Der Haupteingang der Saalburg

»Eine andere Römische Schanze verdienet vorzüglich hier angemerkt zu werden. Sie hat den Namen Saalburg, und ist nicht weit von dem Weg, der von Homburg über das Gebürg nach Usingen gehet. Es ist ein großer viereckigter Platz, der mit einem tiefen Graben und Aufwurf umgeben, an dem Paß aber mit dergleichen doppelt verwahret und noch deutlich zu sehen ist. In den ältern Zeiten ist auch solcher mit einer Mauer eingeschlossen gewesen, da man aber in den neuern die Steine nach und nach aufgebrochen, und zu dem Herrschaftlichem Schloß- und reformirten Kirchenbau etc. beyfahren lassen13

Erst 1818 wurde die Steingewinnung verboten. Und 1870 begannen die Grabungen. Um die Jahrhundertwende engagierte sich dann Kaiser Wilhelm II. für die Idee, das Grenzkastell auf dem alten Grundriss neu zu errichten. 1907 wurde die Saalburg eingeweiht. Sie beherbergt heute eines der faszinierendsten (Freilicht-)Museen Deutschlands.

Der Obergermanisch-Raetische Limes, den die UNESCO 2005 zum Weltkulturerbe erklärt hat, schützte auf seinen 180 Kilometern über hessisches Gebiet drei römische Verwaltungseinheiten: die Civitas Mattiacorum mit Wiesbaden als Hauptort, die Civitas Auderiensium mit Dieburg als Mittelpunkt und die Civitas Taunensium um (Frankfurt-)Nida, wo jüngst ein 3000 Quadratmeter großer Tempelbezirk mit mindestens fünf Heiligtümern ausgegraben wurde. Offenbar verehrte man in Nida den Gott Jupiter Dolichenus.
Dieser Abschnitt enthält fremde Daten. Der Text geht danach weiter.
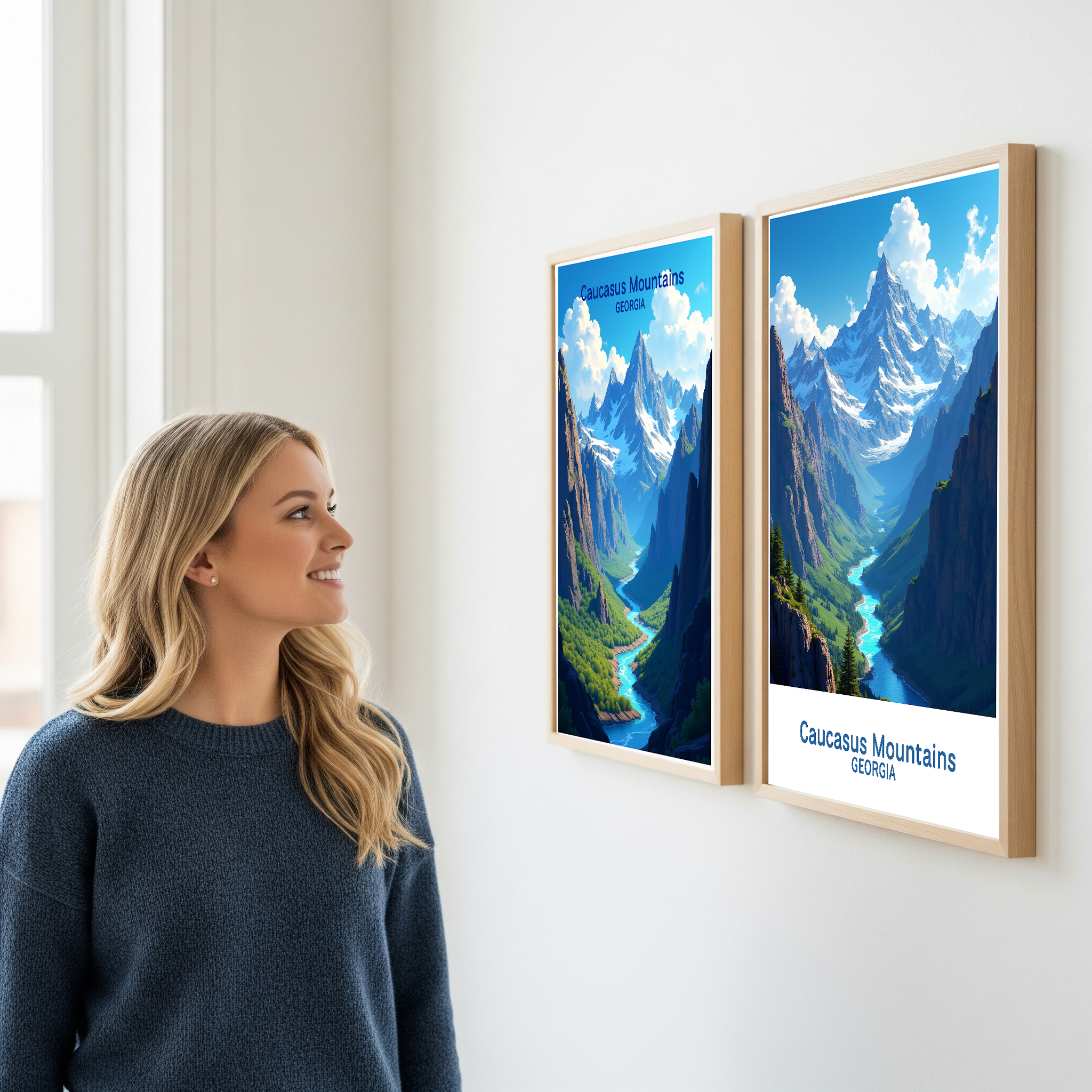 Digital art of the Caucasus Mountains by Reflectionare, showcasing rugged peaks and scenic mountain landscape.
Darauf verweist zumindest eine kleine Adlerfigur mit Blitzbündel, die bei den Ausgrabungen in der Frankfurter Römerstadt gefunden wurde.

In dem weitgehend friedlichen 2. Jahrhundert wurde der rechtsrheinische Teil der Provinz Obergermanien zu einer kleinen multikulturellen Gesellschaft, in der römische Soldaten, Angehörige ihrer Hilfstruppen, aus Gallien eingewanderte Kelten und Germanen zusammenlebten. »Gleichzeitig florierten unter römischer Kontrolle Wirtschaft und Handel in beachtlichem Maß«, schreibt Margot Klee in ihrem Buch über den römischen Limes in Hessen. »Im Hinterland der Städte entstanden besonders in der Wetterau zahlreiche villae rusticae (Gutshöfe), deren Besitzer ihre Überschüsse an das Heer oder auf den Märkten der benachbarten Städte verkauften. Den zunehmenden Reichtum belegen immer luxuriöser ausgestattete Gebäude sowie die seit dem 2. Jahrhundert häufigeren Weihungen.«14

Die Römer ließen Straßen und Brücken bauen, legten Wasserleitungen an, führten zahlreiche Verbesserungen in der Landwirtschaft ein und verteilten großzügig ihr Bürgerrecht. Aber der Frieden war trügerisch. Denn das römische Weltreich war von allen Seiten bedroht und lähmte sich immer wieder selbst durch interne Machtkämpfe. Als im Jahr 233 n. Chr. Truppen aus Obergermanien abgezogen wurden, um sie an der östlichen Grenze gegen das erstarkende Sassanidenreich einzusetzen, nutzte der germanische Stammesverband der Alamannen die Gunst der Stunde, durchbrach den Obergermanisch-Raetischen Limes und überfiel römische Gebiete. Zu Beginn kam es offenbar zu mehreren solcher Überfälle (auch durch andere germanische Stammesgruppierungen wie den Franken). Die Entwicklung gipfelte schließlich in einem Vorstoß der Alamannen 259 n. Chr. nach Italien, wo sie 260 n. Chr. bei Mailand von Kaiser Gallienus geschlagen wurden. Ein weiterer Sieg bei Augsburg konnte jedoch nicht verhindern, dass der Obergermanisch-Raetische Limes in den folgenden Jahren aufgegeben werden musste und es zu einem allmählichen Rückzug der römischen Truppen auf die linksrheinischen Gebiete kam. Die Römer waren somit gezwungen, ihre Grenze an den Rhein zurück zu verlegen. Trotzdem blieben einzelne Brückenköpfe und vor allem Handelskontakte erhalten. So ließ Kaiser Konstantin zwischen 328 und 337 n. Chr. Granit aus dem Felsenmeer im Odenwald zum Bau seiner Basilika in Trier verwenden. Erst zu Beginn des 5. Jahrhunderts brach die römische Rheingrenze unter dem Ansturm verschiedener germanischer Stammesverbände zusammen, wobei der Übergang auf römisches Territorium am 31. Dezember 406 n. Chr. bei Mainz erfolgt sein soll. Der beginnenden germanischen Völkerwanderung war das wankende Weltreich nicht mehr gewachsen.